I am running a query which would require a where clause matching 2 different table columns but I get the error 3149 Duplicate primary/unique key and i don't understand why or how to get around this
This typically is caused by a duplicate record. Vertica constraints do not check for duplicates on load for performance reasons, only on subsequent queries.
To check for duplicate records run the following commands. If they report 0 rows then they are ok, otherwise they will report the row that is a duplicate.
This resulted in finding the table with the duplicate record. => SELECT ANALYZE_CONSTRAINTS ('clife.Users'); Schema Name | Table Name | Column Names | Constraint Name | ConstraintType | Column Values -------------+------------+--------------+-----------------+-----------------+---------------------------------------------- clife | Users | udid | C_PRIMARY | PRIMARY | ('fca53a876319351330836d328e74128346b9f74c') (1 row)
You can delete duplicate record using below:
Using epoch as a unique identifier: =================================== Each record in Vertica has a hidden epoch column that represents the epoch at the time the data was loaded/inserted. If the two records were loaded at different times then the epoch can be used as a unique identifier to delete one and retain the other. This typically allows removal without constraint errors forcing temporary removal of the constraint.
# shows duplicate rows with different epochs Testing1=> select epoch,* from a_test where a='2'; epoch | a | b | c -------+---+---+-------- 1441 | 2 | 3 | xxxxx 5 | 2 | 3 | xxxxx (2 rows) # shows delete using the epoch as the unique identifier Testing1=> delete from a_test where a='2' and b='3' and c='xxxxx' and epoch='1441'; OUTPUT -------- 1 (1 row) # resulting in single record Testing1=> select epoch,* from a_test where a='2'; epoch | a | b | c -------+---+---+-------- 5 | 2 | 3 | xxxxx (1 row)
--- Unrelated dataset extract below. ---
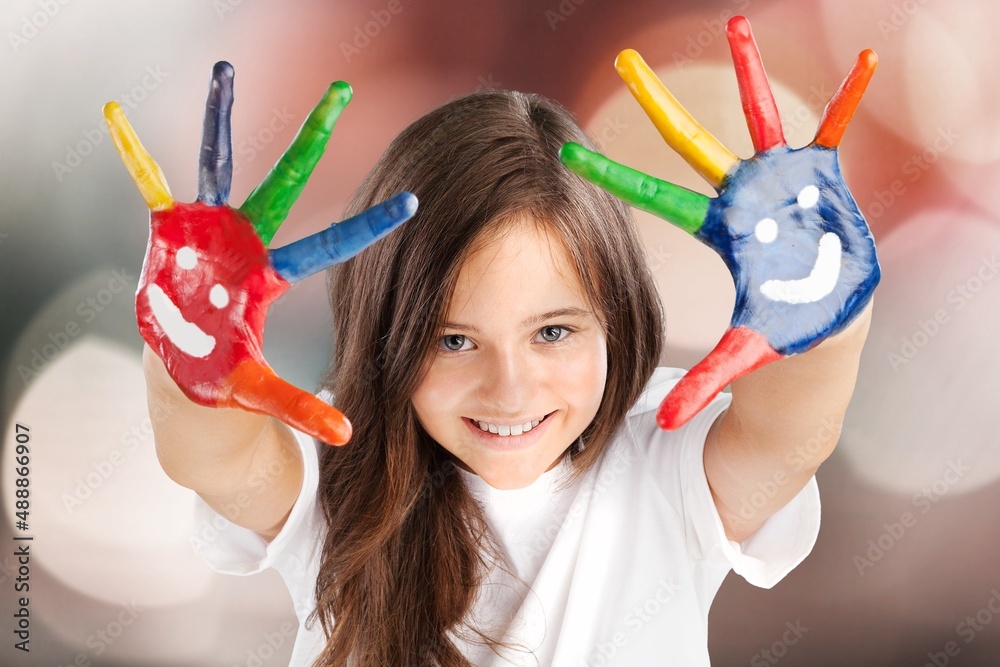 Little beautiful girl with painted hands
Hi Abhishek ...argggghhh ok the query you suggest shows one table with multiple entries SELECT ANALYZE_CONSTRAINTS('live_bp_uk_owner.DYN_PRODUCT_ATTRIBUTES');
You can try to remove these duplicate entries from this table, as suggested in previous post using EPOCH column. If duplicity is there, you will see same rows with different epoch.
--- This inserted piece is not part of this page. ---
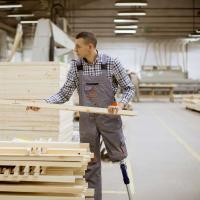 A person with a prosthetic leg lifts a piece of lumber from a pile. 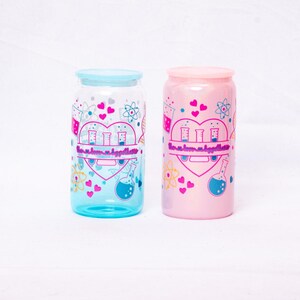 May include: Two glass can-shaped tumblers, one blue and one pink, with matching lids. Each tumbler features a heart-shaped design with science-themed graphics, including beakers, atoms, and the text "love, science, hypothesis".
Once done with removing those duplicate rows & keeping only one row. Try your query of SELECT again.
Thanks Abhishek, I appear to have a slightly different situation in that it appears to me that I have duplicate rows but with the same epoch, I am not sure that should be even possible but that is how it appears .. see here : SELECT ANALYZE_CONSTRAINTS('live_bp_uk_owner.DYN_PRODUCT_ATTRIBUTES');
Comments
This typically is caused by a duplicate record. Vertica constraints do not check for duplicates on load for performance reasons, only on subsequent queries.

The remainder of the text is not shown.